Lancaster proposes a reparameterization from each alpha to the corresponding alphastar, which allows the likelihood for batter i to factor into two parts and one part only involves the alphastar parameters. If you integrate out alphastar, then you are left with a multinomial likelihood for beta conditional on N, which is the total number of triples that batter i hits over all observed years. You can do that multinomial logit regression and consistently estimate beta as the number of batters goes to infinity, whether your point estimator is a MLE or a posterior mode.

The OP stated that there were “millions” of alpha_i parameters, so it is understandable why someone would want to reparameterize, integrate out the alphastar_i parameters, and get the posterior distribution of beta. While that can be done, it should not be done, in general, because you cannot draw from the posterior predictive distribution. Or at least you can only draw from the posterior predictive distribution conditional on the sum of the outcome for each unit over time, which the likelihood conditions on but isn’t really “given” in many situations.
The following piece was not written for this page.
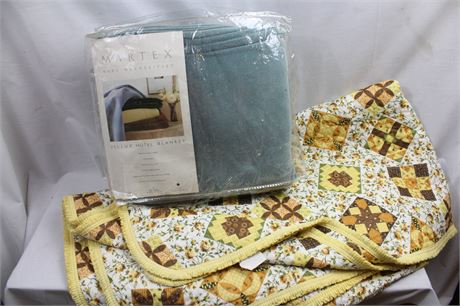 Quilt and King Vellux Hotel Blanket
Ignoring computational considerations, what most people who use Stan should be doing is declaring vector[J] log_alphastar; in the parameters block and mapping to vector[J] log_alpha; in the transformed parameters block (with the log_sum_exp thing in Lancaster). Then use log_alpha and beta to construct the linear predictor for poisson_log_lpmf. The Hessian of the log-likelihood is block diagonal, with one block pertaining to the log_alphastar parameters and one block pertaining to the beta parameters. This makes things easier for NUTS and for what it is worth, the posterior mode of beta is consistent as the number of units goes to infinity (although the posterior modes of log_alphastar are not consistent estimators).

The rest of Lancaster talks about similar reparameterizations with other models in order to integrate the reparameterized “fixed effect” out analytically before using BUGS. The takeaway point of this from a Stan user’s perspective is that you should reparameterize to make the Hessian block diagonal or at least block diagonal on average over the posterior.